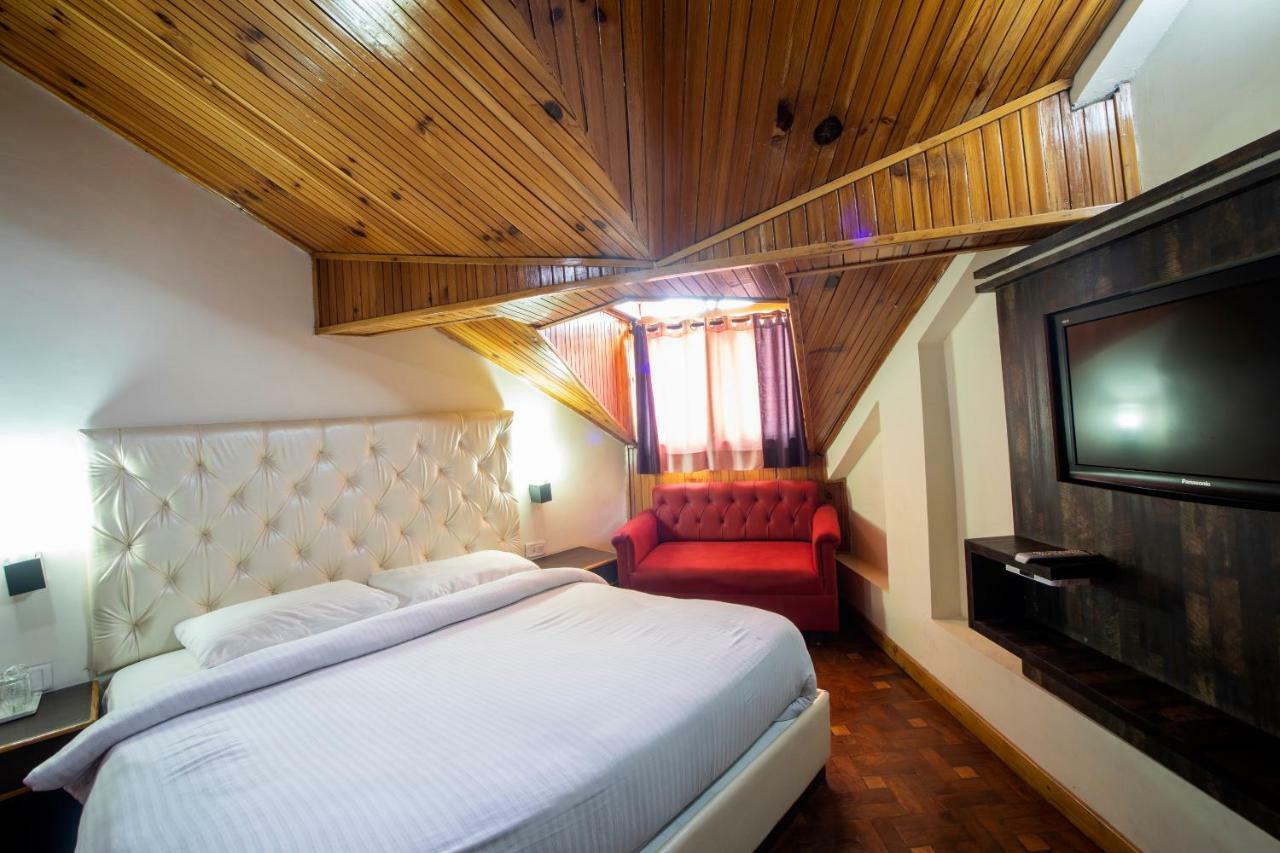 Snow Valley Resorts & Spa Manali Bagian luar foto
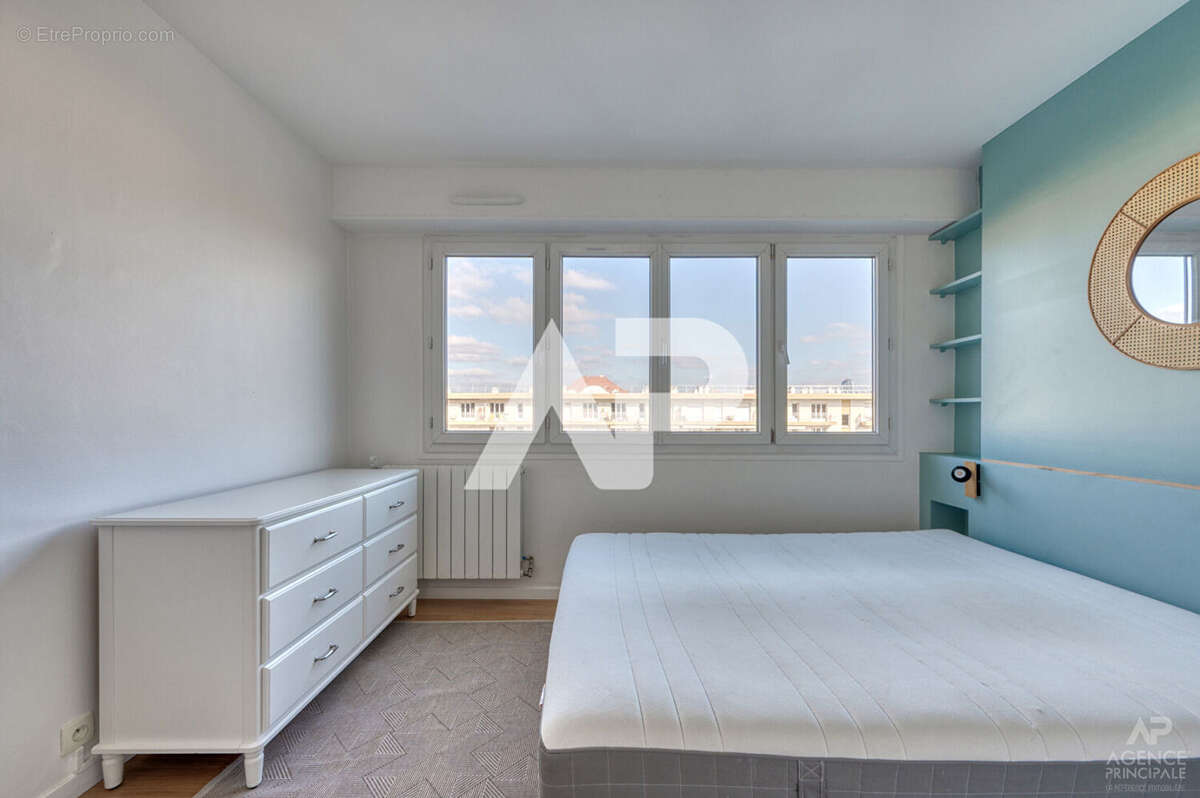 Appartement à RUEIL-MALMAISON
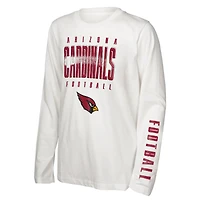 Ensemble de t-shirts jeunesse Outerstuff Arizona Cardinals The Mix Combo
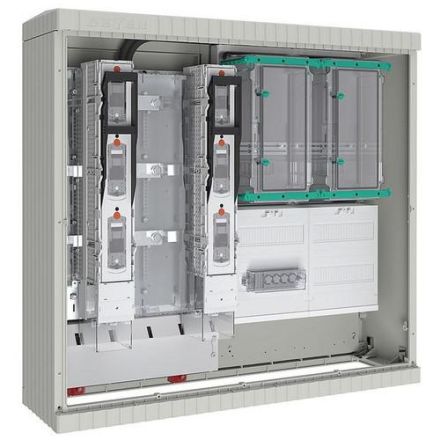 ABN SW102X6953 SIF converter cabinet 250A SH Netz AG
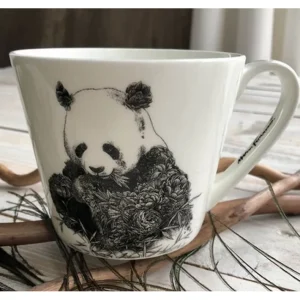 Tasse déjeuner Panda Ferlazzo, Maxwell & Williams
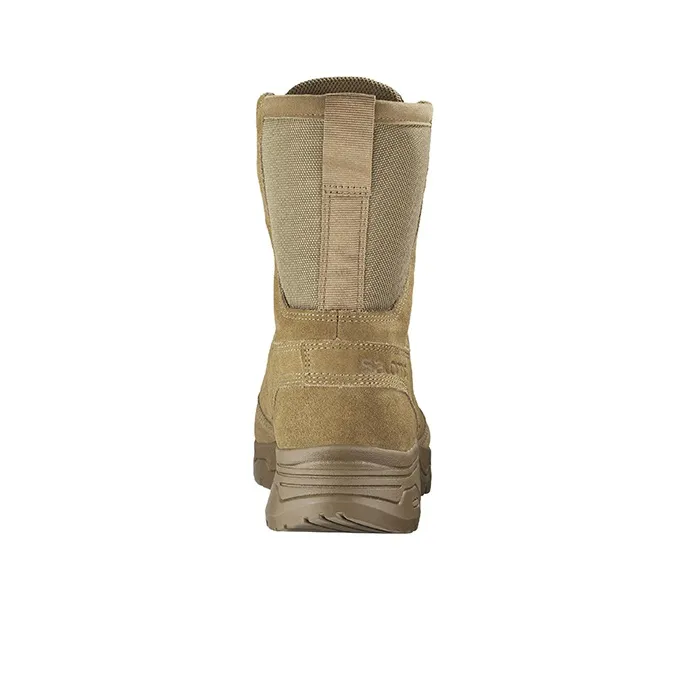 SALOMON Outdoor Boots Men Desert Yellow-4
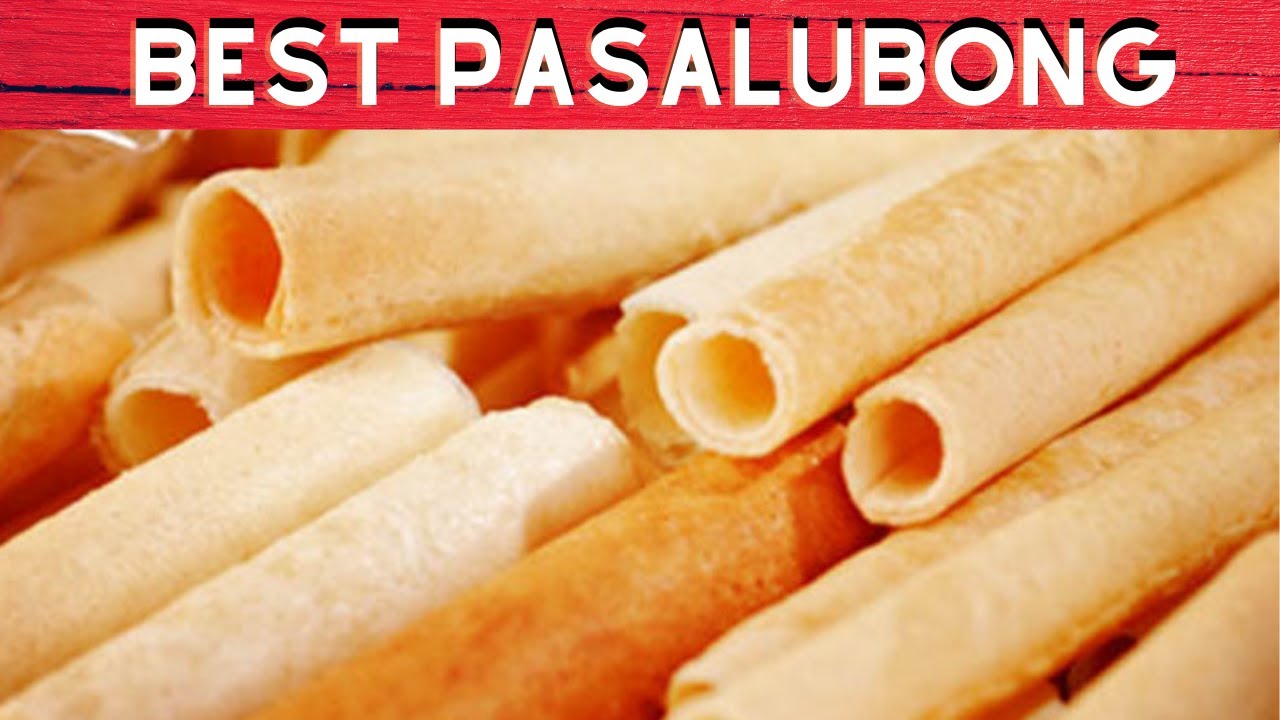 TOP 10 BEST PASALUBONG & SWEET TREATS  IN ILOILO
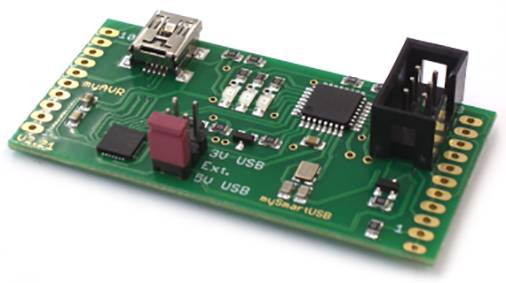 MyAVR USB Version 2.11 USB-Programmer MK2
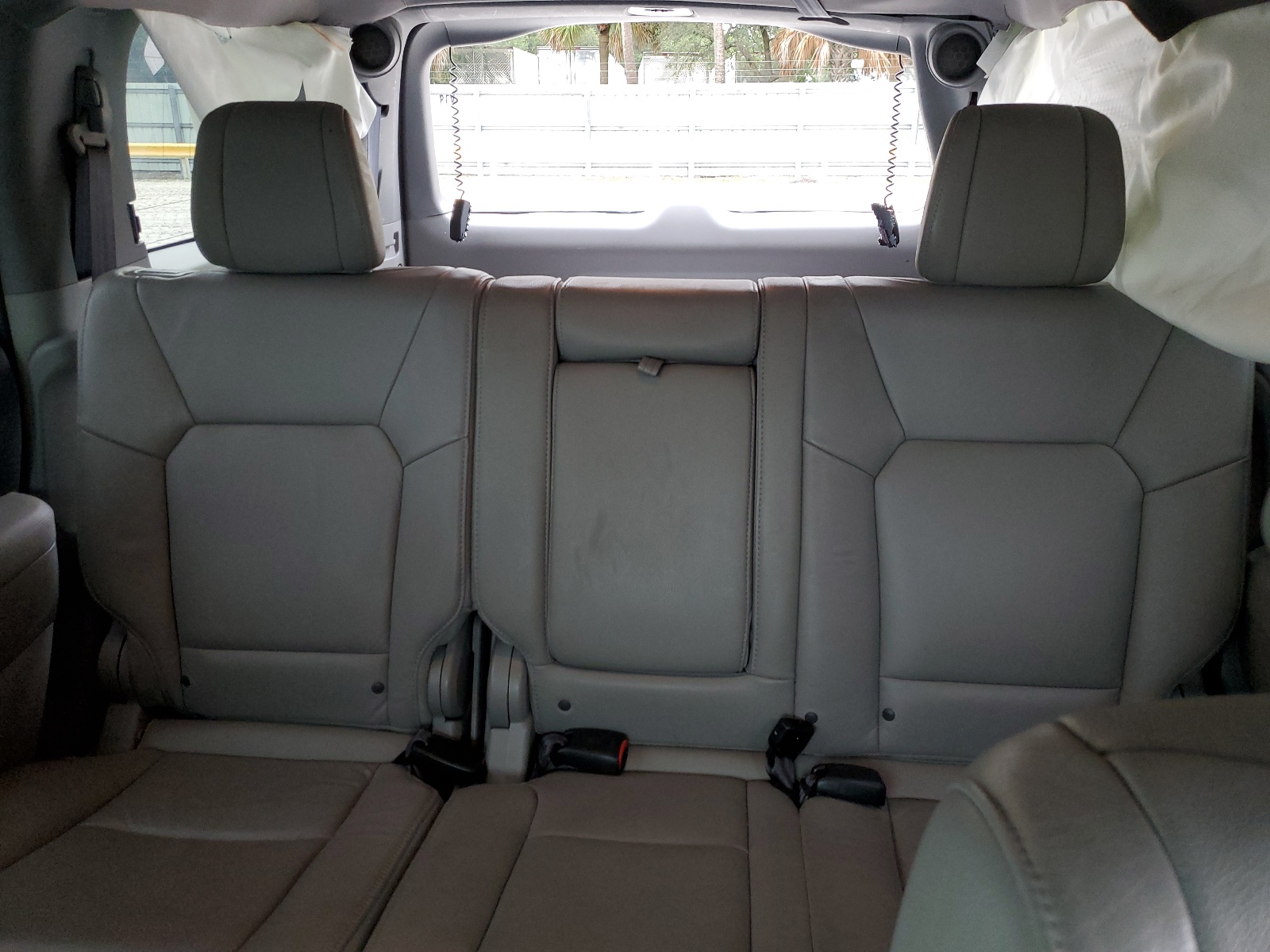 5FNYF3H99CB034322 2012 Honda Pilot Touring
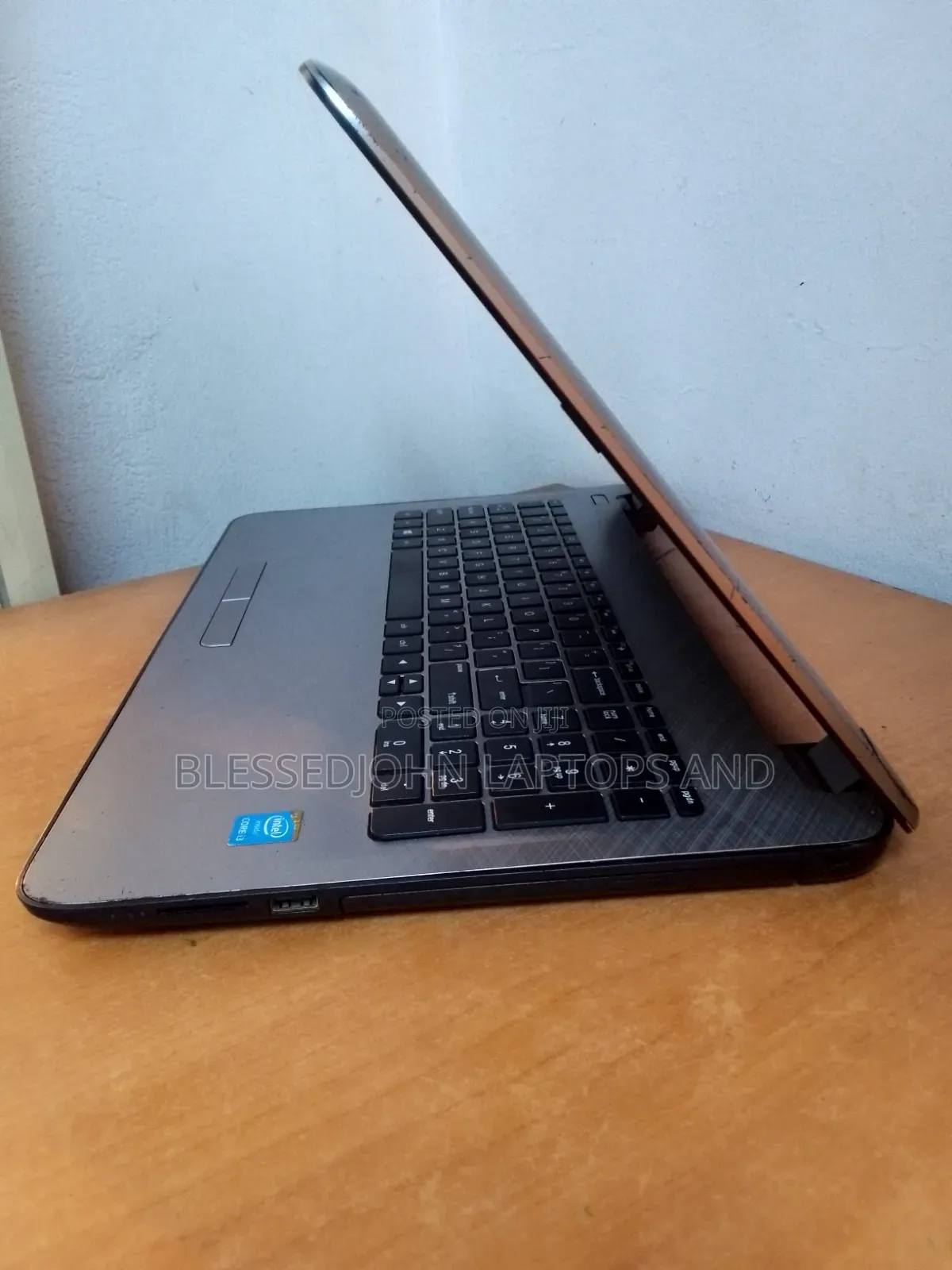 Laptop HP 15 8GB Intel Core i3 HDD 250GB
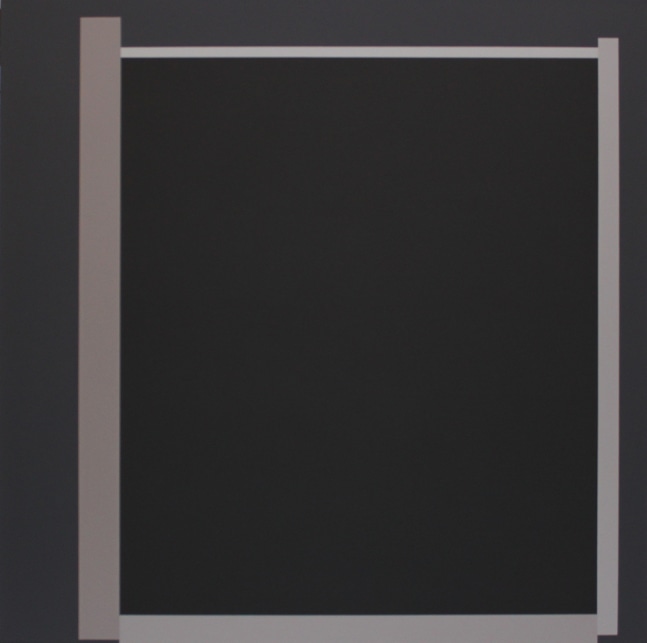 Kandor, January 28, 2001, acrylic emulsion on canvas 32 x 32 inches;  81.3 x 81.3 centimeters LSFA# 11802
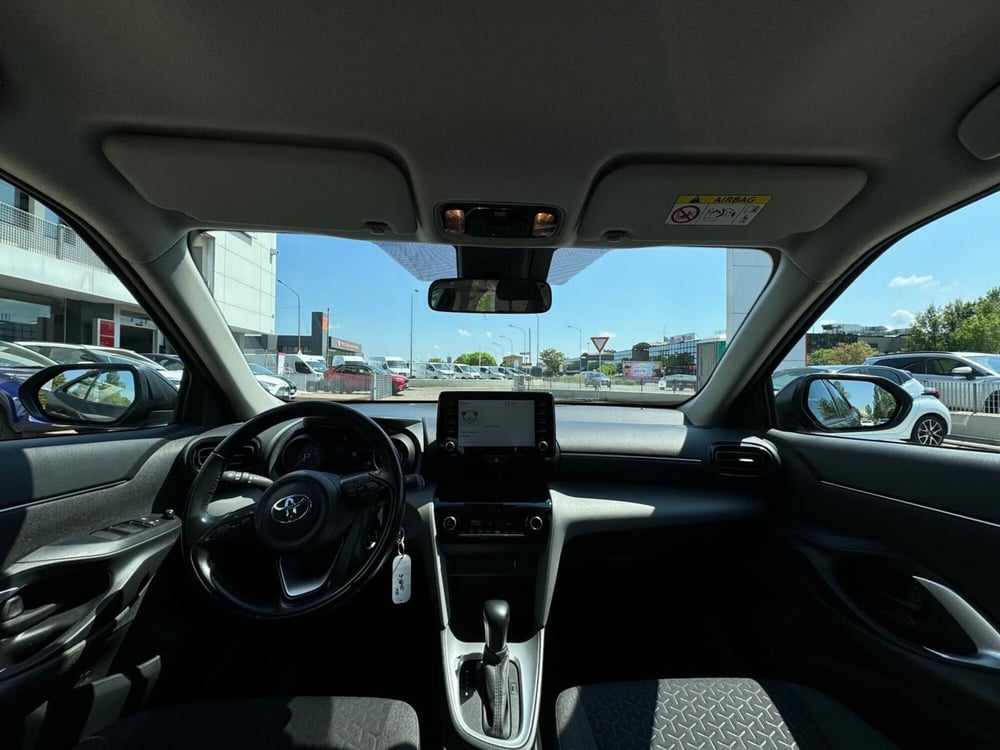 Toyota Yaris Cross usata a Modena (18)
......
#### Exercise details:
Output every record verbatim, excluding any picture it contains.

#### Solution:
 Snow Valley Resorts & Spa Manali Bagian luar foto
 Appartement à RUEIL-MALMAISON
 Ensemble de t-shirts jeunesse Outerstuff Arizona Cardinals The Mix Combo
 ABN SW102X6953 SIF converter cabinet 250A SH Netz AG
 Tasse déjeuner Panda Ferlazzo, Maxwell & Williams
 SALOMON Outdoor Boots Men Desert Yellow-4
 TOP 10 BEST PASALUBONG & SWEET TREATS  IN ILOILO
 MyAVR USB Version 2.11 USB-Programmer MK2
 5FNYF3H99CB034322 2012 Honda Pilot Touring
 Laptop HP 15 8GB Intel Core i3 HDD 250GB
 Kandor, January 28, 2001, acrylic emulsion on canvas 32 x 32 inches;  81.3 x 81.3 centimeters LSFA# 11802
 Toyota Yaris Cross usata a Modena (18)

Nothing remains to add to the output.